Source: A Review of Suzanne Falkiner’s ‘Mick: A Life of Randolph Stow’ | Westerly Magazine

If I start to feel I’ve not done enough this year at the halfway point, I can at least remind myself that I have read and reviewed Suzanne Falkiner’s 900 page biography of Randolph Stow – and now you can click the link above to see my review on the Westerly website! The actually amazing feat is that Falkiner wrote it in four years. (At least that’s what I wrote down from her speech at the beginning of the year.)

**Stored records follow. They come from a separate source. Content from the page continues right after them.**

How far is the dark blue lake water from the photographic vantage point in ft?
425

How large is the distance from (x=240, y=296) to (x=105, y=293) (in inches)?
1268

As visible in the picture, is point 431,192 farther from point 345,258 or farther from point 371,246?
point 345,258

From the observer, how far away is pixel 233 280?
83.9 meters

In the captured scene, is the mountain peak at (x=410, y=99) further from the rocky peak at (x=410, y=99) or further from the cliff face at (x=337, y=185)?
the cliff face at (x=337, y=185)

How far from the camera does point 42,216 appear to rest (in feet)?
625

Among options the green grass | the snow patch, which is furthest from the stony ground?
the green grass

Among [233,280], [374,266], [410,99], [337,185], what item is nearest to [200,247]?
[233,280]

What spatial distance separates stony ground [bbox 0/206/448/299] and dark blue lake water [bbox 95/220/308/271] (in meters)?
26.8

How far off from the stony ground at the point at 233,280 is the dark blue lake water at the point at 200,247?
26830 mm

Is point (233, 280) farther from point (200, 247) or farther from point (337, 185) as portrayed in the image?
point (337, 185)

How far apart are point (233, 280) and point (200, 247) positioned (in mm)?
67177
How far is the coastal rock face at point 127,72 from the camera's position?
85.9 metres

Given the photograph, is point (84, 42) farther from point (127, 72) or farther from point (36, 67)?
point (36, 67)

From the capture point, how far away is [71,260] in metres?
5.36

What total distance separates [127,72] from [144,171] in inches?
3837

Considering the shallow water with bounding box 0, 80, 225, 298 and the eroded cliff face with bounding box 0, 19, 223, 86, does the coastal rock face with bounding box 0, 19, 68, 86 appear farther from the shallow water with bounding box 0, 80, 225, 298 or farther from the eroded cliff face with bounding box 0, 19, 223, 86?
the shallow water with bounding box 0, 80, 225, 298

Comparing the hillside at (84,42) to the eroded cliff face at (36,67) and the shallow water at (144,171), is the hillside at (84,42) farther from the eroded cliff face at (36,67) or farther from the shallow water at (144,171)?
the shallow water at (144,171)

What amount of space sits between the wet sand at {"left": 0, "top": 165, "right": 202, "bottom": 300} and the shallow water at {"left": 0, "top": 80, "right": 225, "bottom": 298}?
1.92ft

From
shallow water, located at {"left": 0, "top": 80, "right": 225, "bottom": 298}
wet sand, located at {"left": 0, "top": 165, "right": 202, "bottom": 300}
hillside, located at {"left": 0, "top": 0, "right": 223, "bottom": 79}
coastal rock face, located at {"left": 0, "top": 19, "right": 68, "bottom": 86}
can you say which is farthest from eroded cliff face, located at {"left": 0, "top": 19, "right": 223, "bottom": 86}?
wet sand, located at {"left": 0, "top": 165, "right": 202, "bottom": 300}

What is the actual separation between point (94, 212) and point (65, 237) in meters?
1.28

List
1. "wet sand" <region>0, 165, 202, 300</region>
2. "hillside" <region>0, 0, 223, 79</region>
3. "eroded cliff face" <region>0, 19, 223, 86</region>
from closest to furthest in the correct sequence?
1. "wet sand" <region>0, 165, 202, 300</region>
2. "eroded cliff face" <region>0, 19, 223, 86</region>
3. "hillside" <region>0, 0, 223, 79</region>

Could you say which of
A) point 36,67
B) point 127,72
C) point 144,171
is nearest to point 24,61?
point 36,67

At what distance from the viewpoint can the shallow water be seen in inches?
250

Probably every Western Australian whose ancestors arrived in the nineteenth century can claim a connection to Stow. I discovered a new one from reading the biography which did not make it into the review: he and I are from the same clan. My paternal grandmother was a  Sewell, and so was his mother, both descended from the two Sewell brothers who came out from England in the 1830s. I think Stow and my grandmother were fourth cousins. She wouldn’t have liked his books; she may well have been aware of the connection, as she knew more family history than she told.

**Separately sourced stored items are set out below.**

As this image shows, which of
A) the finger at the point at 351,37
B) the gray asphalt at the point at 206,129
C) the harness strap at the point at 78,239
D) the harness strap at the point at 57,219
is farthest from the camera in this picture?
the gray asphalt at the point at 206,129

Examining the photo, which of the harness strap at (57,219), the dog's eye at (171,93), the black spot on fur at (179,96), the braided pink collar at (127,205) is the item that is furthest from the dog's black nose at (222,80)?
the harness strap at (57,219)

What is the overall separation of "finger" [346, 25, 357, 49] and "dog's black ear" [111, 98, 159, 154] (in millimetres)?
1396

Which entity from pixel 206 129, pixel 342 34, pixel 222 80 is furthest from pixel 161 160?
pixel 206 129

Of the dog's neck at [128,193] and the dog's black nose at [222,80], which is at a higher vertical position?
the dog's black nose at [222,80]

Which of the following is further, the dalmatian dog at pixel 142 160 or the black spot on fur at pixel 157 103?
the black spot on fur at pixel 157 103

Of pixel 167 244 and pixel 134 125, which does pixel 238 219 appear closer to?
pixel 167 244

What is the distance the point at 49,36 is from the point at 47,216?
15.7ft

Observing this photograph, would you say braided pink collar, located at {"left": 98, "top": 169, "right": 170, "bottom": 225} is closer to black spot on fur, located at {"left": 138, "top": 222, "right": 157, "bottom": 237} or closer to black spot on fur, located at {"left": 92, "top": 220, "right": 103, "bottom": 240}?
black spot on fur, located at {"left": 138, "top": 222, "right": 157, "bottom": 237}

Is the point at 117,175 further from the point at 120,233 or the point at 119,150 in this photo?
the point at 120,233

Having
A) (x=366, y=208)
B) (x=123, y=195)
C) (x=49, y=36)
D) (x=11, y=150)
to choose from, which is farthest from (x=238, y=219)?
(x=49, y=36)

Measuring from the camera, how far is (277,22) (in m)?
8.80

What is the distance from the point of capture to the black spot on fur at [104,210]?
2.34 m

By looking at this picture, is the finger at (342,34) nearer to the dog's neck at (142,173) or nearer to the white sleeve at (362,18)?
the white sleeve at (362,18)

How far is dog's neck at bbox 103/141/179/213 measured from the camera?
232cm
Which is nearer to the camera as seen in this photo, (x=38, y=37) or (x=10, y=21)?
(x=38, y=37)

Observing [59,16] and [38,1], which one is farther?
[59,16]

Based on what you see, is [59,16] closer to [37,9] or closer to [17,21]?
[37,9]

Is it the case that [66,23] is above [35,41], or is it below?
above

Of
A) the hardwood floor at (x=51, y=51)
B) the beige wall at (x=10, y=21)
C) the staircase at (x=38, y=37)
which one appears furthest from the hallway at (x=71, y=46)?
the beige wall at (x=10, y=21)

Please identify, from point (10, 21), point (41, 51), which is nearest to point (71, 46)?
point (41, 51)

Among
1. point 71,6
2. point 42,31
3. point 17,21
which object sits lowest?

On the other side of my family, as I’ve mentioned before, his grandmother boarded with my maternal grandmother’s family in Subiaco around the time of World War Two. I asked my (still living) Granny what she remembered of Stow’s grandmother, and she said that Mrs Stow would keep feeding the chickens rhubarb leaves, which really upset my Granny’s mother. (Oh, that’s getting confusing.) I’m afraid that’s the closest to a literary anecdote I can offer.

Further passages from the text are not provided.